Gardening with Laurie: Keep a look out for signs of life
April 13, 2010 at midnight
Updated April 13, 2010 at 11:14 p.m.
By Laurie Garretson
We gardeners know that nature does not always follow an exact schedule.
Take this last winter for example. Those cold temperatures haven't been on our schedule for many years.
And what's up with all this wind? Isn't that a March thing? Oh well, we get what we get and should be grateful for each day no matter what it brings.
Many plants that got hit by the cold winter have not yet shown signs of life. That doesn't necessarily mean the plant is dead.
We have just not had enough warm weather and sunshine to really warm our soil.
Just be patient a few more weeks, and keep a watch out for green growth at the base of your frozen back plants. If you're lucky, some of the plants may still be alive.
Unfortunately, even with the cooler temperatures the usual pests are still showing up.
Besides complaints about snails, pill bugs and fleas, there have been many grasshopper sightings.
Now is the time to prevent these pests from becoming an even bigger problem. Smaller grasshoppers are easier to kill than the larger, mature ones.

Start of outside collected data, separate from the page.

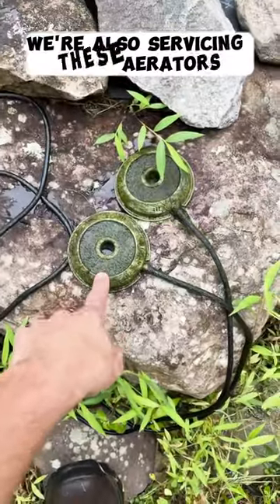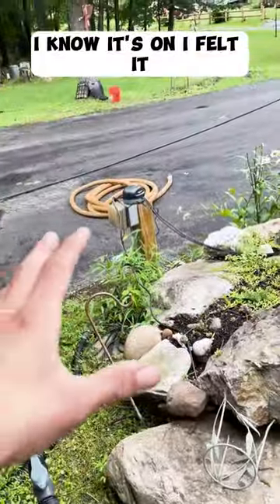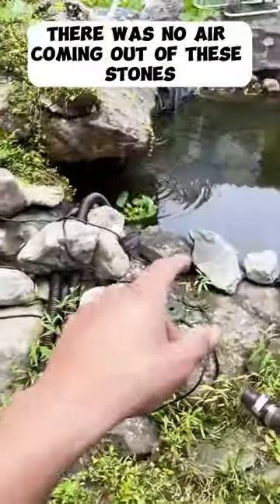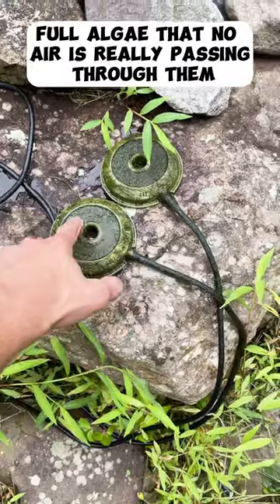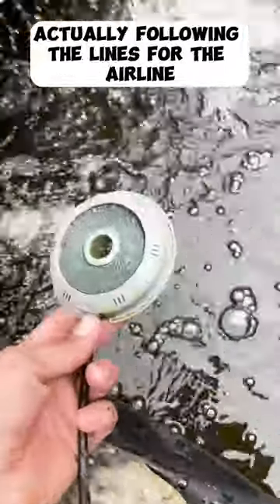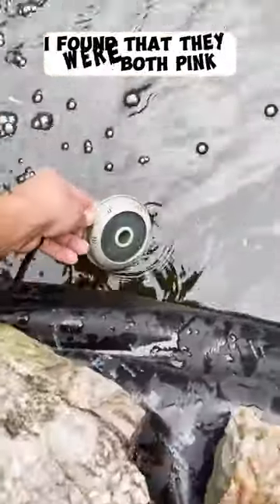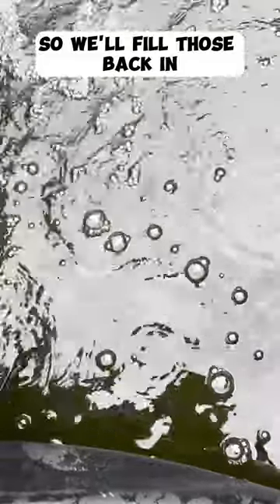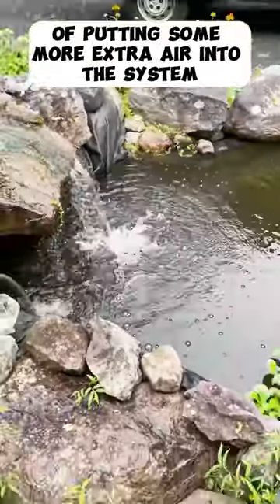We're also servicing these aerators. When I got here the compressor was on — I could feel it vibrating — but there was no air coming out of these stones. They were so gummed up and full of algae that no air was passing through them. After scrubbing them off and following the airline, I found they were both kinked. We'll throw them back in and they're going to continue putting extra air into the system.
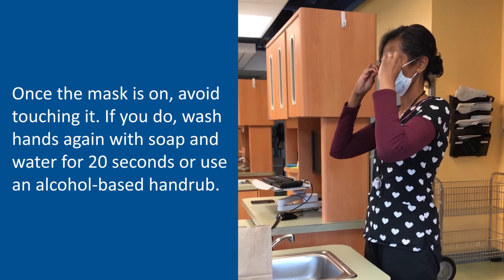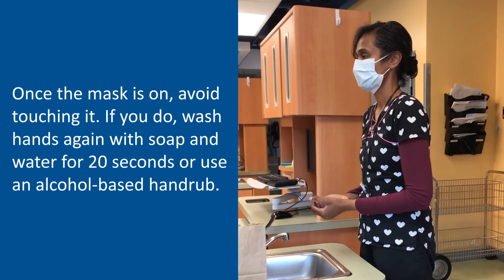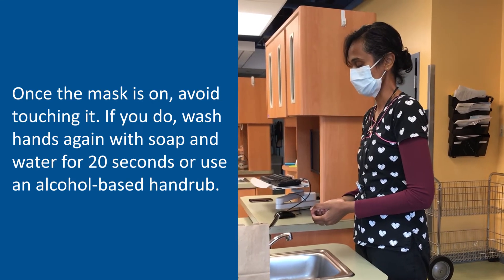Now that you have your mask on, avoid touching it. If you do touch it, clean your hands again with an alcohol-based hand rub or wash with soap and water for 20 seconds.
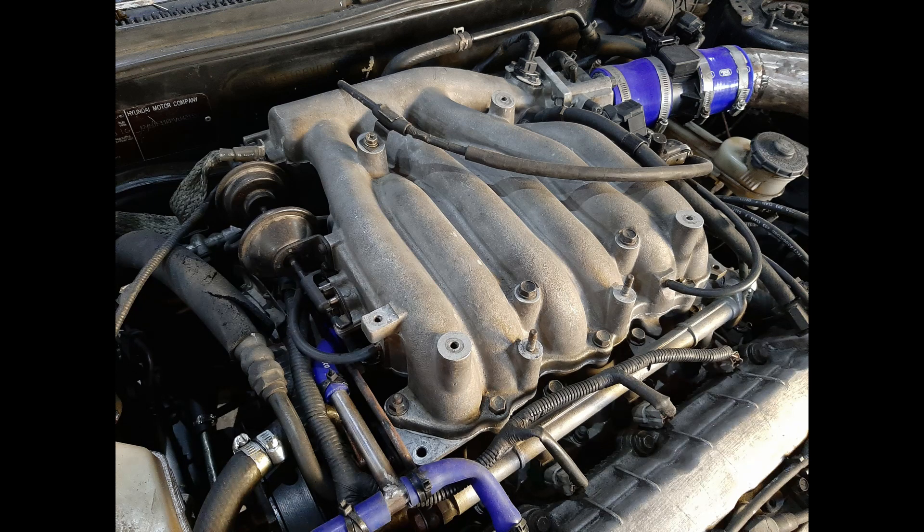The Mew intake manifold has variable intake runners. On low RPMs, the runners are longer for better torque at those engine speeds. For high RPM operation, flaps inside the manifold shorten the effective intake track for better torque at high RPM.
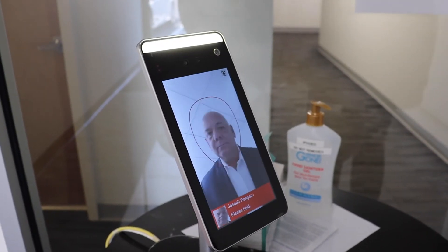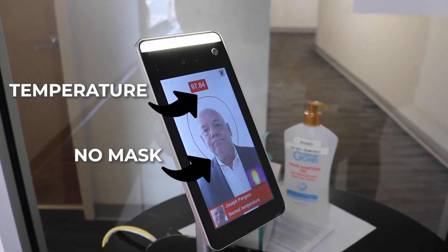First, I'll try it with no mask. The device says: position in circle — no mask. It won't let me in.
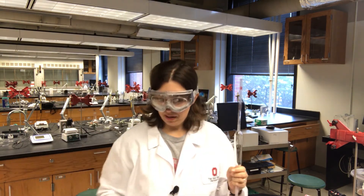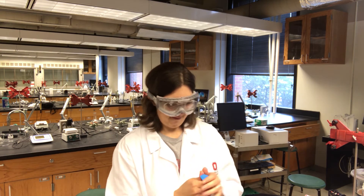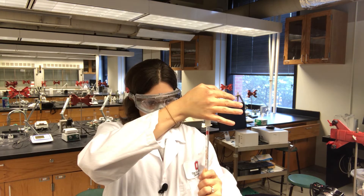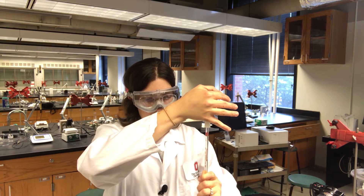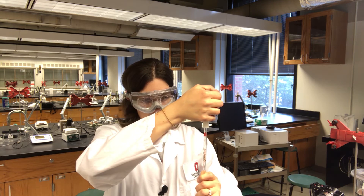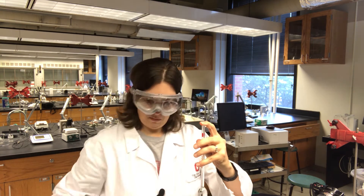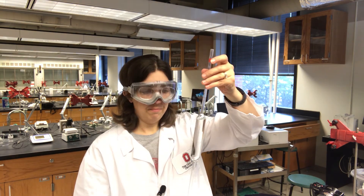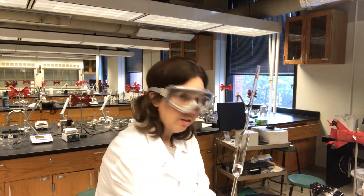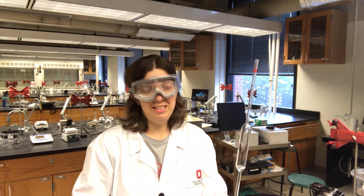I've got my 50 milliliter pipette. I'm pipetting 50 milliliters of the solution I just prepared into another 100 milliliter volumetric flask. It's a good idea to make sure you're labeling your flasks in some way — it's really easy to get these mixed up.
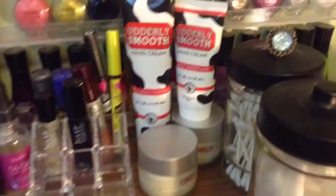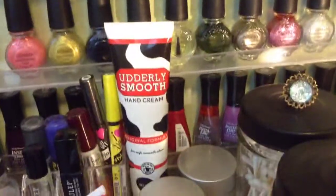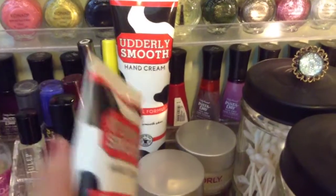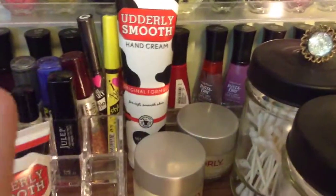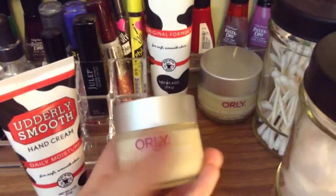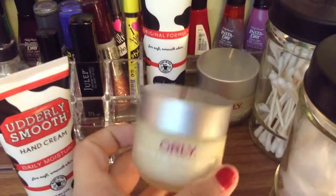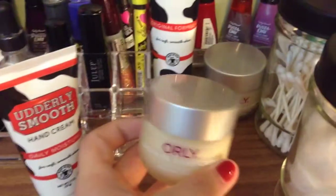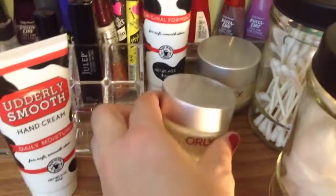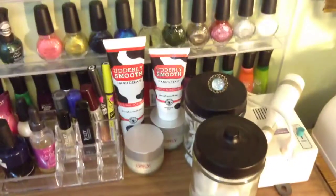Over here I've got some moisturizers. I'm in love with the Utterly Smooth hand cream and I found another tiny one at Family Dollar. The big one I got in a twin pack at Walgreens and I'm so excited that I found them there because I didn't know they were there. I've also got two of the Orly Argan oil hand creams. I got these recently at Ulta for dirt cheap — these are normally like $15 or $16 and I got them for like three bucks, so I got two of them. It's some really good stuff.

If applied at this time, grasshopper baits, such as Semispore, can help to decrease their population.
It's easy to broadcast and covers a large area. Grasshoppers are attracted to it, and it only takes one bite for them to become sick and die.
If you haven't put trichogramma wasps out to help get rid of all kinds of unwanted worms and caterpillars, now is the time.
These beneficials are the safe and easy way to never have to worry about having web worms, case bearers, cabbage loopers or any other kind of worms. For better control, make several releases of the trichogramma's about 10 to 14 days apart to assure a better kill.
This time of year, there are several types of worms that cause severe damage to trees. Frequent releases help to keep the trees protected.
This spring, the azalea blooms seem to have been exceptionally beautiful. Most azaleas are now finishing their bloom cycle. This is the time to do any trimming if needed. Also, give them a good dose of fertilizer and an extra dose of cottonseed meal or apple cider vinegar to give them the acidity they require.
Add two tablespoons of apple cider vinegar to one gallon of water, and water the plants with this solution when the plants need a drink. This can be given once a month. It's also a good soil additive for any other acid-loving plants.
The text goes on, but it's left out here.